(How to complete this task)
With every picture left out, restate the listing below exactly as written.

(Data provided)

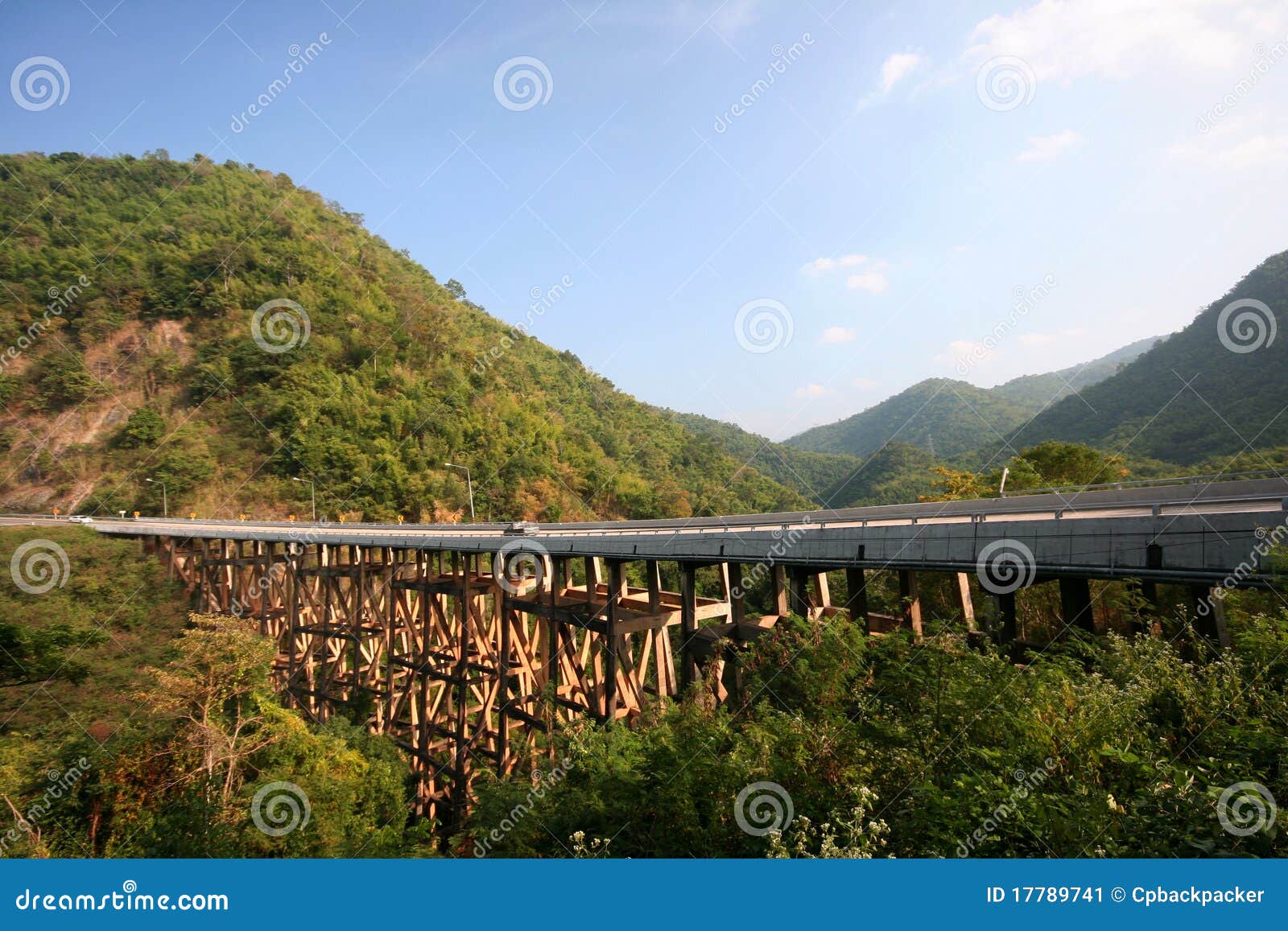Bridge With Wooden Stilt Across The Valley. Stock Image Image of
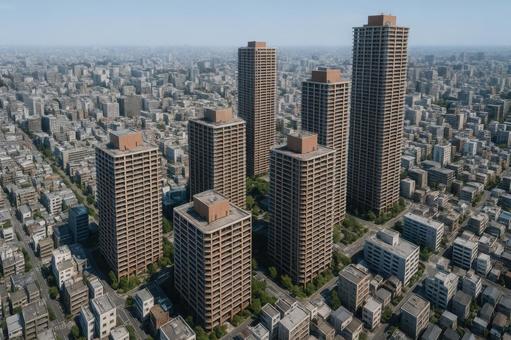 タワーマンション群の俯瞰写真 タワーマンション群の俯瞰写真の写真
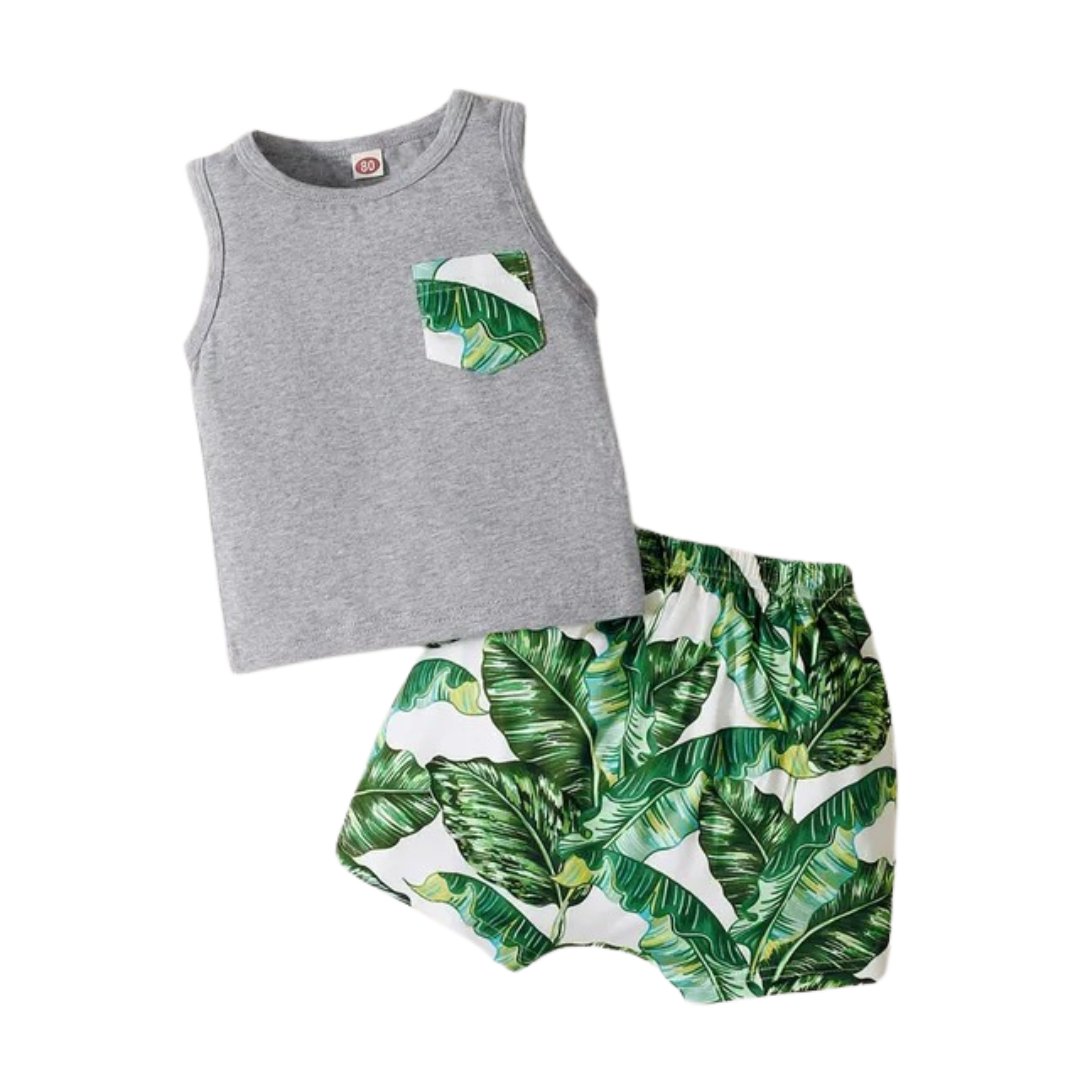 Boho Chic Tank & Leafy Shorts set - Wearebambino - Grey - 12 - 18 M - Boho Chic Tank & Leafy Shorts set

(Response area)
Bridge With Wooden Stilt Across The Valley. Stock Image Image of
 タワーマンション群の俯瞰写真 タワーマンション群の俯瞰写真の写真
 Boho Chic Tank & Leafy Shorts set - Wearebambino - Grey - 12 - 18 M - Boho Chic Tank & Leafy Shorts set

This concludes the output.